WHAT IS NEEDED: What are the lines below, starting at the line containing "3 bedrooms standalone" and ending at the line containing "Dollap me varëse"? Write them out exactly, ends included, without pictures.

RECORDS FOR THE TASK:
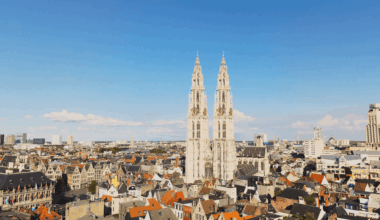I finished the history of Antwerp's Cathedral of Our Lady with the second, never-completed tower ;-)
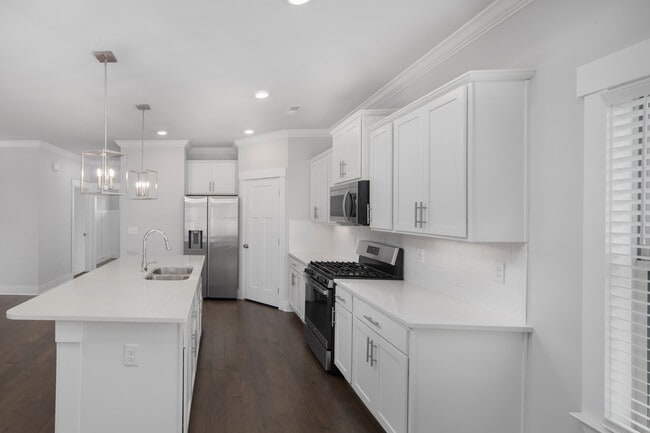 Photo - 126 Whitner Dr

...

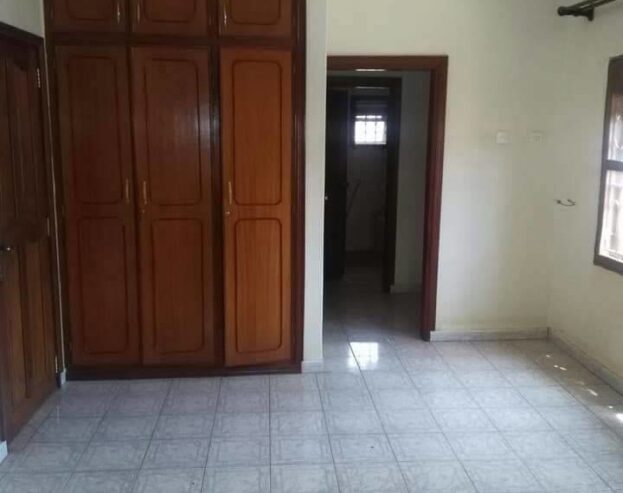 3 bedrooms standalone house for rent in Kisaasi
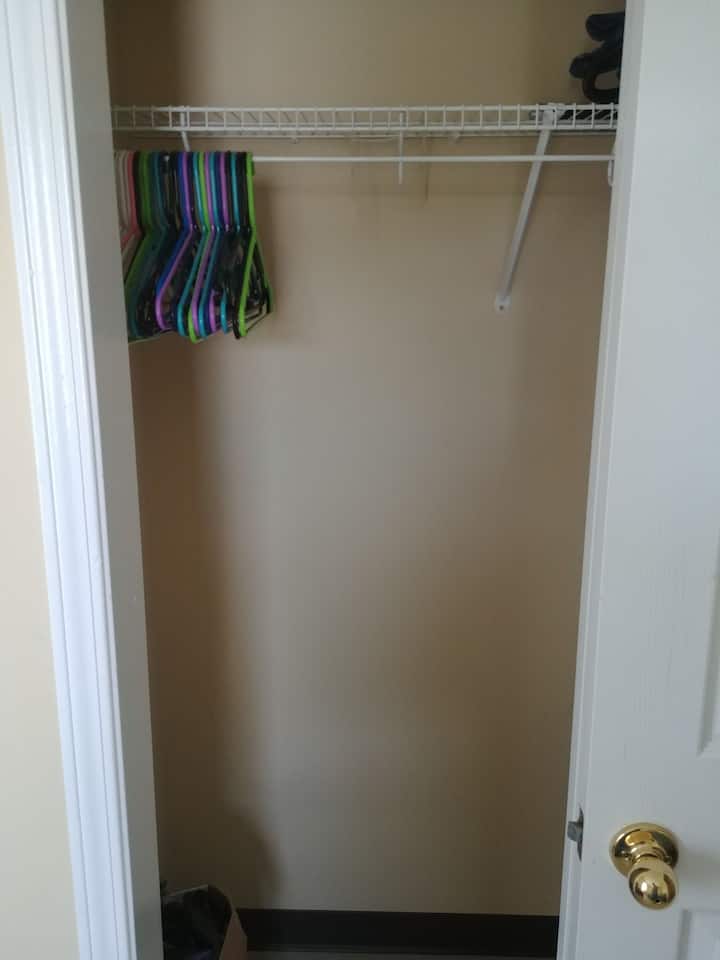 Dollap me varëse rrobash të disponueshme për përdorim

* * *

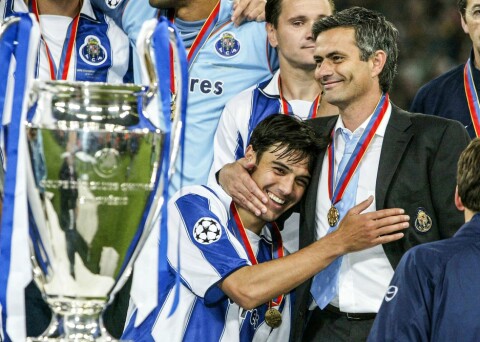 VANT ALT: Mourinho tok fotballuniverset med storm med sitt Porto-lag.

RESPONSE AREA:
 3 bedrooms standalone house for rent in Kisaasi
 Dollap me varëse rrobash të disponueshme për përdorim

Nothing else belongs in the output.